David Cox and Sally Davies escape the rat race of Vancouver and corporate careers for life on a remote island in British Columbia, Canada. Think of it as a mid-life crisis or perhaps even an epiphany. There isn’t much that Dave can’t learn from a book or the internet, or through trial and error. So Dave and Sally set out to self-build a house on a steep and difficult site on the tip of a peninsula (ie. no road access). Much of the book is devoted to the trials, tribulations and joys of remote living and the characters that form part of Dave and Sally’s remote community. Sound boring? It isn’t.
Although the book starts off a little self-consciously, J. David Cox is an engaging storyteller and the stories and the Dave-isms start to flow more freely by the time the construction of the house begins.
We learn as much about Dave as we do about living remote and off-grid. Dave is full of bravado; he’s brash, impulsive and sometimes a bit of a pain in the behind. He presents himself as a rather unsentimental, socially inept bloke. Of course, there are hints that he is a bloke with a big heart, not to mention a big mouth. I wonder whether he has been diagnosed with ADHD. Concentration difficulties are alluded to in the book. Fortunately, Dave is also exceedingly intelligent, not to mention funny, and problem-solving is his game. It is often said that Homo sapiens would not have ventured out of Africa without such risk-takers taking the lead. Perhaps this spirit of adventure is what spurred Sally and Dave to leave their ‘comfortable’ city life behind.
Dave does not gloss over the dangers and difficulties of living remotely. The dangers are real. Everything is very real when living in the wilderness. There is an integrity about the place and an integrity about the people. Every downside has an upside. Community spirit is alive and well in Dave and Sally’s part of the world. Everyone leaps into action if anyone needs help. If you’ve had enough of the human race, living remotely seems to offer the prospect of privacy, peace and quiet, right? So it is ironic that Sally and David find themselves more connected to community than ever. However, without a street address, they are practically invisible to the rest of the world.
I confess that despite the hardship of remote living and my absolute ignorance about how to embark on such an adventure, I still have a hankering for my own little off-grid house built into the side of a hill. Dave has written another book for us off-grid wannabes. I may have to buy a hard-copy and leave it lying around the house for my husband to find. Dave and Sally have also ventured into fiction as well, and I can’t wait to read their new book.
I want to leave the last word to the very sentimental Dave.

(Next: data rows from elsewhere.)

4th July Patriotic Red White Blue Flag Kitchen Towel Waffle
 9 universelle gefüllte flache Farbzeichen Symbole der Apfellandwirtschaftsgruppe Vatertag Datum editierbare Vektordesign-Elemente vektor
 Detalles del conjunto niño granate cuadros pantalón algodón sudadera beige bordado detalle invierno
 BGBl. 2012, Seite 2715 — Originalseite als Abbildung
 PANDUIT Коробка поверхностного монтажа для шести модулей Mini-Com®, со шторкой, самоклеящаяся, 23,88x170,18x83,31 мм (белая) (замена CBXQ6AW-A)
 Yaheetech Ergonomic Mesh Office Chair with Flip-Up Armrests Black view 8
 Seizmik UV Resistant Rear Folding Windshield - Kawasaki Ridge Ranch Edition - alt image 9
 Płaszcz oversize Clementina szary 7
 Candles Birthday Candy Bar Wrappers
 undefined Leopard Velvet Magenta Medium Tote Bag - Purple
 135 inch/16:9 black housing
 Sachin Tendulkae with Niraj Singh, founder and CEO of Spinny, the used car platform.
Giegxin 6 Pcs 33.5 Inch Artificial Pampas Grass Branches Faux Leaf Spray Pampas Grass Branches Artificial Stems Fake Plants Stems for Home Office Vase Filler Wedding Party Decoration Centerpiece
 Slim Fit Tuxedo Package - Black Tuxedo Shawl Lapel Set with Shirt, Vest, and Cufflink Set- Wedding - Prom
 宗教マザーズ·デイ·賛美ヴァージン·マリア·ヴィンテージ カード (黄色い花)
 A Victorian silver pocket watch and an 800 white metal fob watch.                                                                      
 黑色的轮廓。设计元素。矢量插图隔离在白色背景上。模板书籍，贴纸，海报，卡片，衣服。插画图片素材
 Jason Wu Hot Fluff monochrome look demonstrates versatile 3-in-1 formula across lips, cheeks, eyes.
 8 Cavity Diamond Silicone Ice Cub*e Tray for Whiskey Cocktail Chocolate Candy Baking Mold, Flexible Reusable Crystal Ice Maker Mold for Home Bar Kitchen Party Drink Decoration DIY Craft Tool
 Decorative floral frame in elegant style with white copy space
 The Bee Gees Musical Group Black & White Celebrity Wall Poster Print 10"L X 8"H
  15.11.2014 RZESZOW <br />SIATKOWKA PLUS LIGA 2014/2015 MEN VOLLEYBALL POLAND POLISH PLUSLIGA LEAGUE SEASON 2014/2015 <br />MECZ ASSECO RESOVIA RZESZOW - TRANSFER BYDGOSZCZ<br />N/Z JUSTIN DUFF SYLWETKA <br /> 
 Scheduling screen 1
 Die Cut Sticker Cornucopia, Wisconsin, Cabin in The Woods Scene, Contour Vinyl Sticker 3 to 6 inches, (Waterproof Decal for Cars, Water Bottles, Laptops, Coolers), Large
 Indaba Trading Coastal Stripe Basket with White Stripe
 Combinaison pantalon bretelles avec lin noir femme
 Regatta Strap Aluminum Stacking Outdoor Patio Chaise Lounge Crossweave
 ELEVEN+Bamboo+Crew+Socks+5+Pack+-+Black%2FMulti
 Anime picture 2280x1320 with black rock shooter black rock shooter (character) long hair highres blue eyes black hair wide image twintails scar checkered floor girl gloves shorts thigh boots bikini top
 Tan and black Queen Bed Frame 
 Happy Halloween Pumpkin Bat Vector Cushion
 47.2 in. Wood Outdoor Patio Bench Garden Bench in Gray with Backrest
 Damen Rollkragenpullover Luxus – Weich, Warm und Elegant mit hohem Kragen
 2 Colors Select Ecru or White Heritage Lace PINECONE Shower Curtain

“I distinctly recall being so much in my own mind [in the city] that I could drive twenty miles to an urban appointment without recalling anything I drove past while on the way. I was so deeply committed to thinking about the meeting coming up or what had just happened in the news that I failed to notice what was around me as I was driving in the present.
The easiest way of achieving conscious presence is simply being outside and having all the physical senses wide awake and the usual thoughts turned off. Walking in the woods is a sure fire way of leaving your cares and worries behind. It’s a magical thing.
Each step deeper into the forest is like an entry to an empty stage with a huge but quiet and reverential audience. The space is broken only by your own intrusion. You are special only because you are there – no other reason. And you become very aware of your own existence. Very profound stuff if you think about it. Which of course, you shouldn’t do since it defeats the whole effect.”
Sorry, I have to have the last word. Dave, you are either very brave or very stupid. Sally must really love you if she lets you call her “sugarplum”.